Judge Ponser rejected the arguments of the students’ lawyers
that the MCAS graduation requirement violated their constitutional rights to
due process under the law. The plaintiffs argued that the students had not
been taught the material that was on the test (that the state had never
established the curricular and instructional validity of the test).
The judge stated clearly that he was not ruling on the merits
of the MCAS policy, but simply on certain narrow legal issues. “The
Legislature has the right to make mistakes,” he said. “They have a right to
make bad policy. The courts don’t have the right to be a lone ranger or a
roving ombudsman…the hearing today is not about whether the MCAS is a bad
thing or a good thing, but whether it is SO bad that it violates (these
particular constitutional rights)…” He found the situation
of special education and limited English proficiency students to be
particularly “troubling.”
Attorney Roger Rice noted that the ten remaining student
plaintiffs would have graduated if not for the MCAS. Many of them did well in
school and have been accepted to colleges, but will not be able to go without
a diploma; one wants to open a business, another has been recruited to play
college basketball; one wants to continue with video production and another
hopes to join the Air Force. The judge expressed much admiration and sympathy
for the students, but his only piece of advice was essentially that they keep
taking remedial classes and trying to pass the MCAS.
A side note: One of the attorneys for the state addressed many
of the arguments by the students’ lawyers, not by attempting to answer them on
their merits, but simply saying over and over that they did not meet the
rigorous legal definition of “shocking the conscience” and
therefore should not influence the judge. (He cited another case which did not
meet the “standard,” in which the police had invaded and taken over a woman’s
house, and when she came home and tried to enter, they arrested her for
attempted burglary, then on the way to jail, threatened her life.

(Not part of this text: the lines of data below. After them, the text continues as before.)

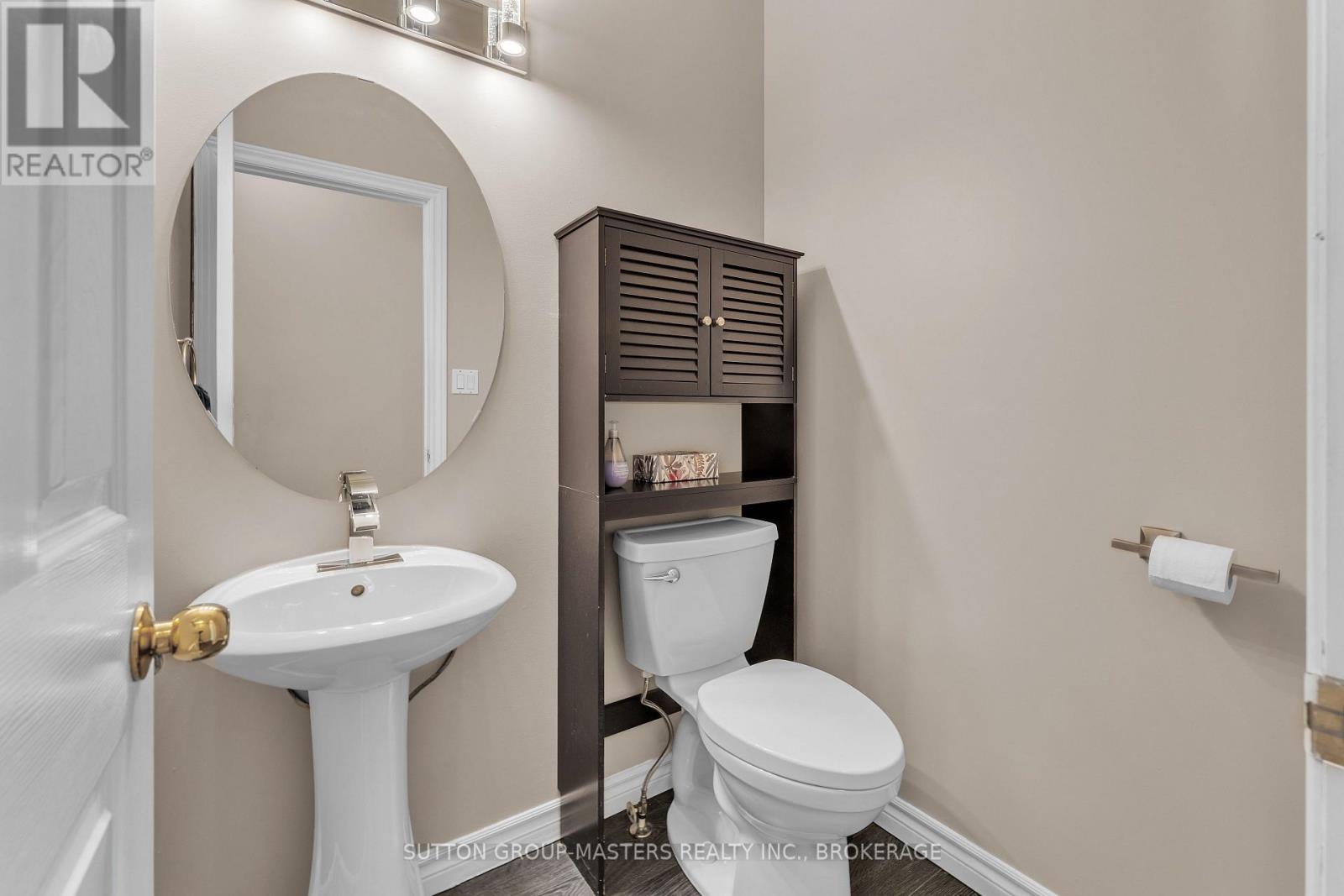 384 Emerald Street, Kingston, Ontario  K7P 3E1 - Photo 17 - X12810286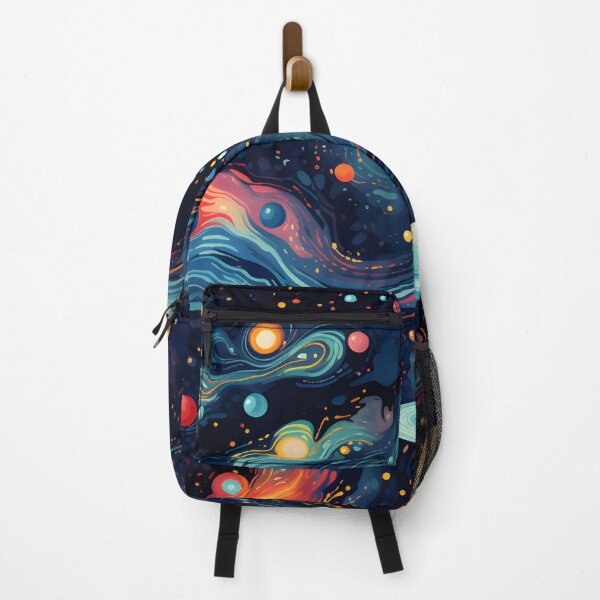 Item preview, Cosmic patterns: Planet formation UFO designed and sold by Muangluang.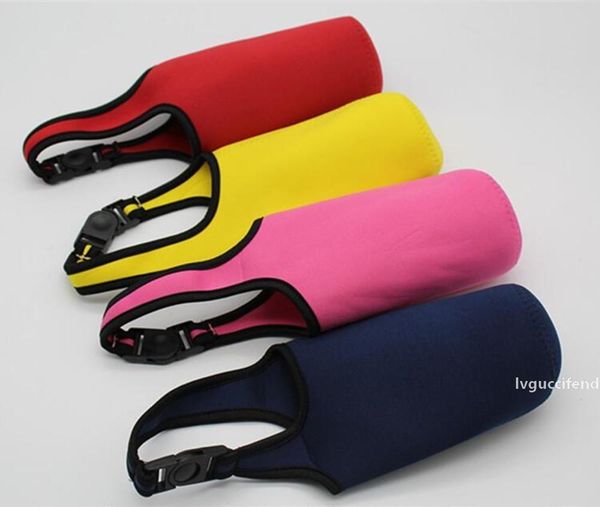 multi color 30 ounce mug sleeve covers insulator bag water bottle case holder carrier in stock
multi color 30 ounce mug sleeve covers insulator bag water bottle case holder carrier in stock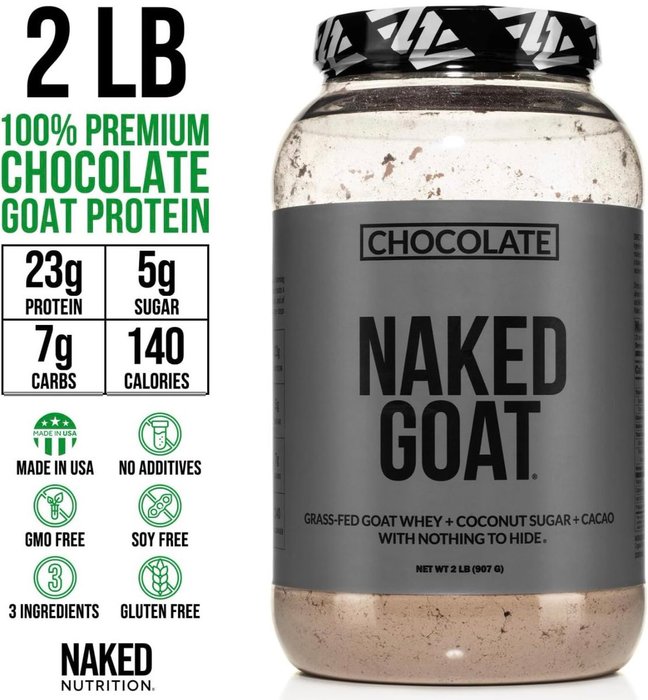 Thumbnail of www-x-com-myprotocols-status-1822826228627153262-2c0dc2431d0c4214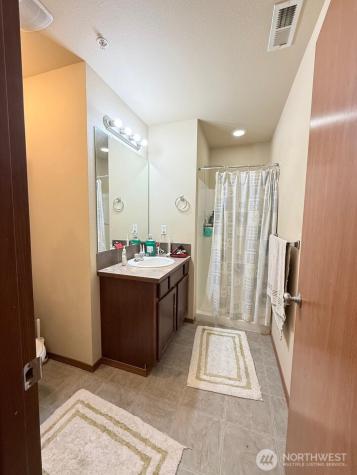 17813 79th Avenue Ct E Puyallup WA 98375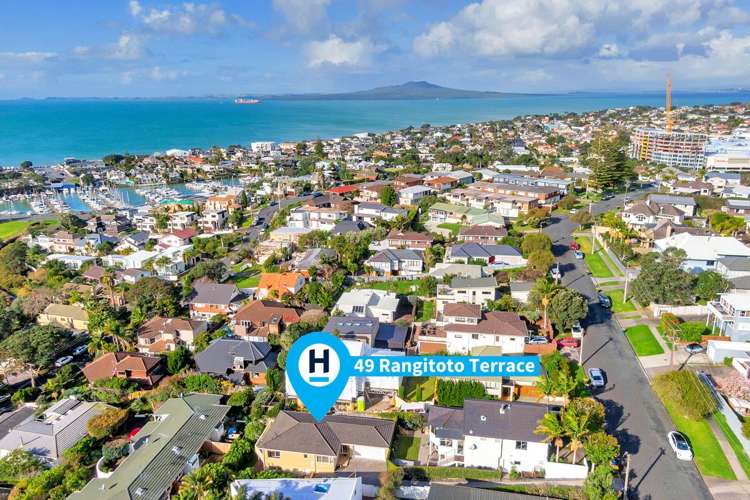 49 Rangitoto Terrace Milford_19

Or another
case, when police who were arresting a man told his four-year-old son to say
goodbye because he would never see his father again. It’s nice to know that
the state Dept of Ed has good company in implementing policies which fail to
“shock the conscience” of the court.)
As Ponser issued his opinion at the end of
the three and a half hour hearing, a delegation of Boston students who had
traveled to Springfield and had been listening quietly throughout the
proceedings stood up and silently filed out of the courtroom. These impressive
young men and women from Teen Empowerment talked to reporters outside the
courthouse about their hopes and dreams – and those of their friends – that
were being dashed by the MCAS graduation requirement. While angry and upset,
several of the students vowed not to give up. We adults should resolve right
now that we will not desert them and that we will carry on the fight.